It's very difficult to prove a negative, as there is no comprehensive listing of every single program endorsed by every single organization in the world anywhere, and if there was then it would be prohibitively long to scan. Therefore, giving a negative answer to this question is difficult to factually back up. However, Wikipedia has a pretty decent listing as a good place to start: https://en.wikipedia.org/wiki/Affirmative_action

Looking through Wikipedia, the only countries with official affirmative action programs/laws are majority-white locales, with the exceptions of the listed locales in Asia: China, Israel, India, Indonesia, Malaysia, Sri Lanka, Taiwan. Ignoring Israel, because it is a majority "white" country (in the sense that historically the Israeli people are largely immigrants from elsewhere post-WW2 and therefore would be considered demographically similar to the West), we have:

(Paraphrasing from Wikipedia)

  • China: Affirmative action in favor of "ethnic minorities", which Wikipedia defines as "non-Han". This is basically a blanket statement including anyone who is not "Han Chinese", which is a subgroup of Chinese people. In theory this could include white people, but is probably not what is being asked about. No.

  • India: Affirmative action is based on the Indian historical caste system, to try to raise people of "lower" castes upwards in society.
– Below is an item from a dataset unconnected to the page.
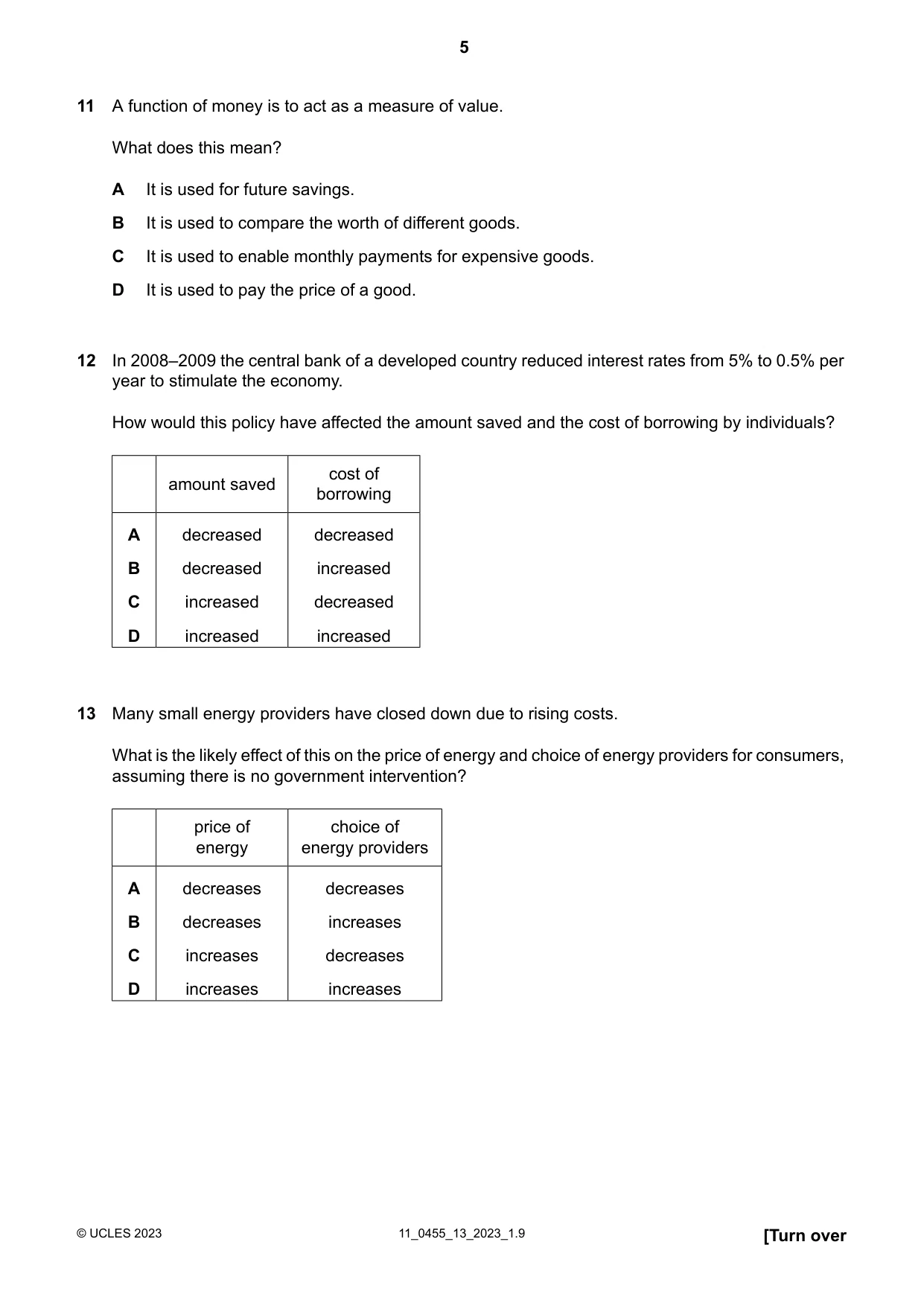 Cambridge IGCSE Economics 0455 2023 Oct/Nov Paper 1 · Variant 3 question paper, page 5 of 12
This is not racially based and would not affect white people. No.

  • Indonesia: Affirmative action in favor of an ethnic indigenous group in the Indonesian region. No.

  • Malaysia: Affirmative action in favor of ethnic Malaysians to help boost them in relation to the Indian and Chinese populations. No.

  • Sri Lanka: Affirmative action based on cultural origin, specifically the Tamil population. Not based on race, so No.

  • Taiwan: Affirmative action in favor of aboriginal Taiwanese. No.

Therefore, at least in the scope of the examples that Wikipedia cares to list on their page on the topic, the answer appears to be that no, there are no official widespread affirmative action programs in favor of white people anywhere in parts of the world where white people are minorities.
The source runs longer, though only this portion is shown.